Professor Akbar Ahmed
To sense some of the complexity of the Afghanistan that Victorian Britain chose to invade, you don't even need to leave contemporary London. I've
come to Ealing for an evening of Afghan food, music and traditional costume with a group of Afghans now resident here in West London. In this room, a
dizzying array of ethnic groups, Pashtun, Tajik, Hazara, Turkmen, Nuristani, all Afghans, and all holding different religious and political views.
The divisions and consequences of war have led to more than 5 million Afghans fleeing their country since the 1980s.
Rory speaks with two of the diners:
Do you think, for example, Britain should remain in Helmand?
"Until they will have the infrastructure in the proper way, I think they should remain."
You don't think the British should remain in Helmand?
The microcosm of Afghanistan is there in that room, and some of these people are now sitting down together around the table, and in those histories
and the suspicions of who joined the jihad, who came from which ethnic group, are many of the fissures that continue to haunt Afghanistan today.

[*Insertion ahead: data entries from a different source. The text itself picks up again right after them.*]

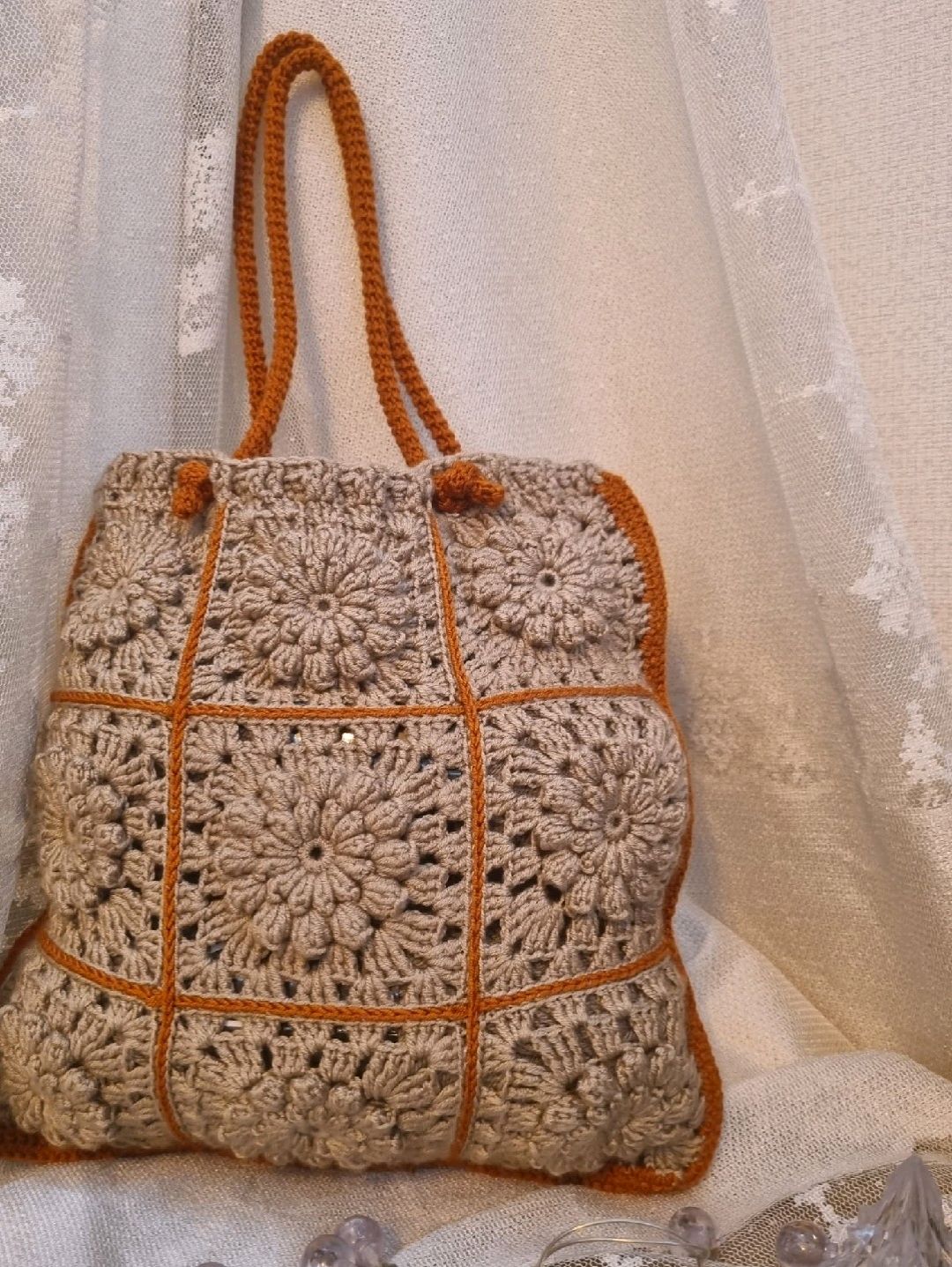 bej-turuncu-detay-motif-canta-bej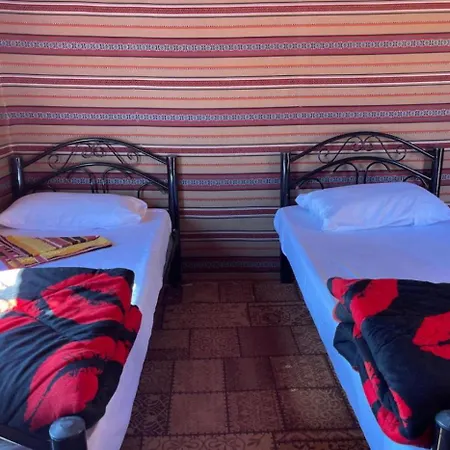 Bedouin Bunch Camp Hotel Wadi Rum Exterior photo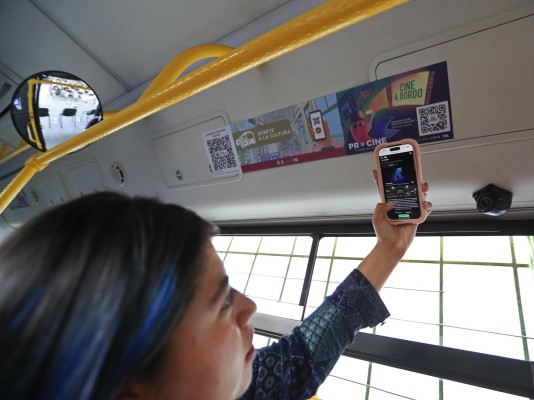 Una persona observa hoy en su celular un cortometraje gracias a la aplicación “Cine a bordo”, en el transporte público de Ciudad de México (México). Una persona observa hoy en su celular un cortometraje gracias a la aplicación “Cine a bordo”, en el transporte público de Ciudad de México (México).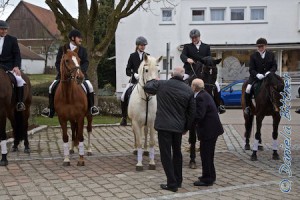 Begeistert geht er mit Gebhard von Reiter zu Reiter.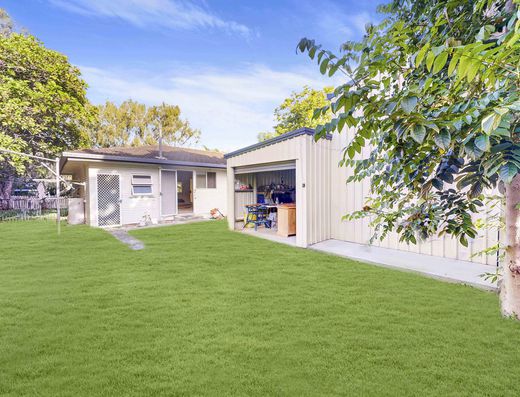 Water Views from the Block, Exceptional Shed Space & Endless Potential image 19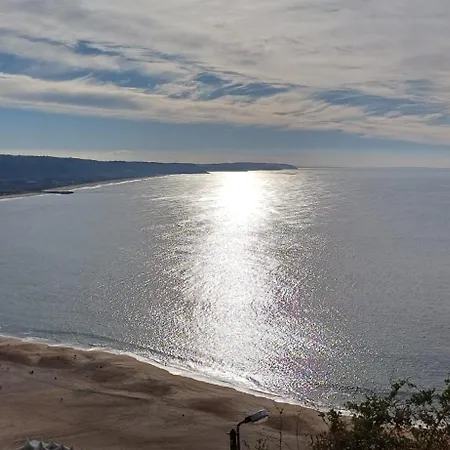 Elegant Sea View شقة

And all this complexity and Afghan history, both ancient and modern, so difficult to understand, so often overlooked, still matters deeply for
all of us today. And it continues to preoccupy commentators, such as Akbar Ahmed, who I've come to meet here in Washington DC.
Professor Akbar Ahmed
Professor Ahmed, a Pakistani who once worked as an administrator on the North-West frontier with Afghanistan, arrived in the States where he
now teaches, a day before the World Trade Center attack. But his direct appeal to the White House for caution fell on deaf ears.
Professor Ahmed "I think on 9/11 the US administration had no idea about Afghanistan, its tribes, its history, but it was so motivated, so
intensely motivated by a sense of anger, a sense of revenge, a sense of honour, that, at all costs, it had to rush into Afghanistan. I said
many, many superpowers have gone charging into Afghanistan. Be very careful. And that is the big problem, that when you combine arrogance
with a lack of knowledge of that part of the world, you are almost guaranteed to run into trouble."
I sensed this tension myself when I walked across Afghanistan shortly after 9/11. I found a hospitable and attractive country but still deeply
conservative, isolated and difficult for a foreigner to understand. It made me reflect on the superpowers who have so often invaded the mountains
of Afghanistan, how often they get caught up in their own strategic games, how easily the become out of touch, failing to grasp the complexity and
resistance of Afghanistan.
And I felt the same was true for the British in the 19th century. When they came, they were focused not on Afghanistan itself, but its
neighbours. If I had been a British redcoat standing on this wall in 1839, I would have been told that the reason I was here was that British
India lay to the East and Russia lay to the North, and Afghanistan was trapped between two expanding empires.
Afghanistan, a largely barren country, but with a rich Islamic civilisation, have long fought and traded with its Muslim and Asian neighbours,
but it had never encountered a non-Muslim power as alien as Britain. And yet, in the 1830s, Afghanistan was perceived, as it is believed to be
today, to be an immediate threat to British national security, a place for the politicians and generals of Empire to fret about.
For hundreds of years, all the conflicts had happened here in Europe and suddenly it exploded East. Russia raced towards Japan, Britain came into
India, and as these great empires expanded, there was this zone in between, almost a blank space on the map with very, very few towns, a place of
deserts and mountains.
And although these two empires were still 4000 miles apart, they were certain that they were about to meet. They were going to meet here, in Afghanistan.
As Britain and Russia stretched and flexed, Afghanistan, one of the most remote and impoverished kingdoms in the world, found itself sandwiched between
two empires who both claimed, at least, to be its friends.
Britain feared Russia might creep south towards British ruled India, the jewel in the crown of the Empire, and the second centre of British political
power. But suspicions worked both ways. The Russians were equally nervous about Britain moving north from its base in India.
Sensing that these two empires would collide in Afghanistan, the British government was hungry for intelligence on this blank space. A spy was dispatched.
Alexander Burnes, a man I believe to be one of our greatest ever political officers.